De l’image désolée de Ricci, quand il vient en retard sans le vélo chercher son fils à qui il n’ose avouer qu’il a été volé, à l’image finale qui la reprend alors qu’il a été pris en flagrant délit comme voleur lui-même en présence de son enfant. Mais, là, si Ricci baisse de même les yeux, mortifié, il est au plus bas de la course infernale, dans une image dégradée de soi, comme le dernier des derniers. Et, à son sanglot rentré, répond comme en écho son garçon qui trébuche, hébété, mais qui dans un petit geste de grande affection, donne la main à son père, lequel la saisit comme sa dernière chance, quasi pardonné par son enfant qui le comprend. Comme à la fin du Kid, où l’enfant adopte dans le tramp son père. 

Ce film, « quintessence du néo-réalisme » (Alain Rémond) [13], eut « une énorme influence internationale par la façon dont il renouvela la dramaturgie du film » (Sadoul) [14]

***

The show must go on

NB. Poète du cinéma

 J’ai tracé une certaine filiation entre ces films. Il est certain que chacun a été influencé, et en s’y opposant, par bien d’autres productions, et probablement même des films mineurs. N’empêche, chacun d’eux a vu les précédents, Stroheim a été assistant de Griffith, Chaplin a créé avec Griffith United Artists, Eisenstein qui critique Griffith rencontre Chaplin à Hollywood, Poudovkine dit être entré en cinéma après avoir vu Intolerance, Carl Mayer crée Der Letze Mann après, sinon contre son propre Caligari, Renoir admire Stroheim qu’il engage dans son film, De Sica adore Chaplin, Welles a proposé à Chaplin l’idée de Verdoux. C’est une famille, celle de premiers poètes du cinéma.


[1] Comment diriger des non-professionnels : « J’explique et j’explique. Et je suis très convaincant. Il semble que j’aie un don spécial pour me faire comprendre, soit que je joue le rôle, soit que j’explique lentement, patiemment, avec un sourire, jamais avec colère. » (in Samuels) Comme le faisait Chaplin. Charles Thomas Samuels, Encountering directors, interviews, New York, 1972, p. 147)

[2] Recrutés par un des plus grands comédiens du monde, et qui ne jouera pas dans son film (car il est marqué aussi bourgeois qu’un Cary Grant) ;

[3] De Sica, « le plus authentique descendant de Charles Chaplin » (René Clair, « Réflexions faites », NRF, 1957).

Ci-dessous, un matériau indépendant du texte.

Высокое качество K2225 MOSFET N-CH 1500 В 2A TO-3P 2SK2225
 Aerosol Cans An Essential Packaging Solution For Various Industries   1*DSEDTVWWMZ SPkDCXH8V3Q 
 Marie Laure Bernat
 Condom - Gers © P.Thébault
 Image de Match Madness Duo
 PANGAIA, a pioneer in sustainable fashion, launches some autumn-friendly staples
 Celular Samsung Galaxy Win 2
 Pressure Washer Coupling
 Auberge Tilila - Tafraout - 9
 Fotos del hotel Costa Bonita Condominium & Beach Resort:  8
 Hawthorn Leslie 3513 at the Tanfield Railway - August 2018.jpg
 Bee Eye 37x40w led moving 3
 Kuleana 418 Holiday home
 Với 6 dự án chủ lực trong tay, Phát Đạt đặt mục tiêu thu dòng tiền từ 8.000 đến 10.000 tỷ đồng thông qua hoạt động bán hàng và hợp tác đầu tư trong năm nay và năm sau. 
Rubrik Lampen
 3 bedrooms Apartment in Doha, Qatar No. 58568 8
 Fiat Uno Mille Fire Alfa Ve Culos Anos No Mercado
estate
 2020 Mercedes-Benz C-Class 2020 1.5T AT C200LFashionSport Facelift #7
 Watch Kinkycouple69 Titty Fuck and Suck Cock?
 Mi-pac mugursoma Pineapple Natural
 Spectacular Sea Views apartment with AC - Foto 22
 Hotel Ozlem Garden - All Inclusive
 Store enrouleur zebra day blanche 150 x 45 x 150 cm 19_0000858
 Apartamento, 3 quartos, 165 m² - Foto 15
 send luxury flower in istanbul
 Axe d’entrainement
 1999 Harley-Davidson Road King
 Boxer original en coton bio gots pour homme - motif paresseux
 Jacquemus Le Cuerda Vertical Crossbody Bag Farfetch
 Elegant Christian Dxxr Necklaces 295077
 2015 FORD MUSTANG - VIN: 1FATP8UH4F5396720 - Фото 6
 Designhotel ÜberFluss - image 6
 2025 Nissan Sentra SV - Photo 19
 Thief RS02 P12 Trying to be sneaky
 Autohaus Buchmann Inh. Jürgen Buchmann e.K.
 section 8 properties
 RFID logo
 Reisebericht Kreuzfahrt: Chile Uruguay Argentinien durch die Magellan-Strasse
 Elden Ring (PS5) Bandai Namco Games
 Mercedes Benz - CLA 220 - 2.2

[4] André Bazin, Qu’est-ce que le cinéma, vol. IV, Ed. Cerf, Paris, 1962, p. 53.

[5] Télérama, repris in Dictionnaire des films, Larousse, p. 813.

[6] André Bazin, op.cit, p. 53.

[7] Cf. A. Bazin, op.cit, p. 57.

[8] Une réminiscence du « formalisme » du Potemkine (cf. la séquence des yoles)

[9] Pierre Leprohon, Vittorio de Sica, Cinéma d’aujourd’hui, Seghers, 1966, p. 110

[10] André Bazin, Qu’est-ce que le cinéma, vol. IV, Ed. Cerf, Paris, 1962, p. 82.

[11] Cf. Poudovkine et Zarki, Renoir et Spaak, Orson Welles et Herman J. Mankiewicz.

[12] « Les images sont la seule chose importante » (de Sica) : « Images is the only important things », in Charles Thomas Samuels, Encountering directors, interviews, New York, 1972, p. 148). Trad. par Ad.N.

[13] op.cit, p. 813

[14] Georges Sadoul, Dictionnaire des films, Nouvelle Edition, Microcosme, 1982, p. 337.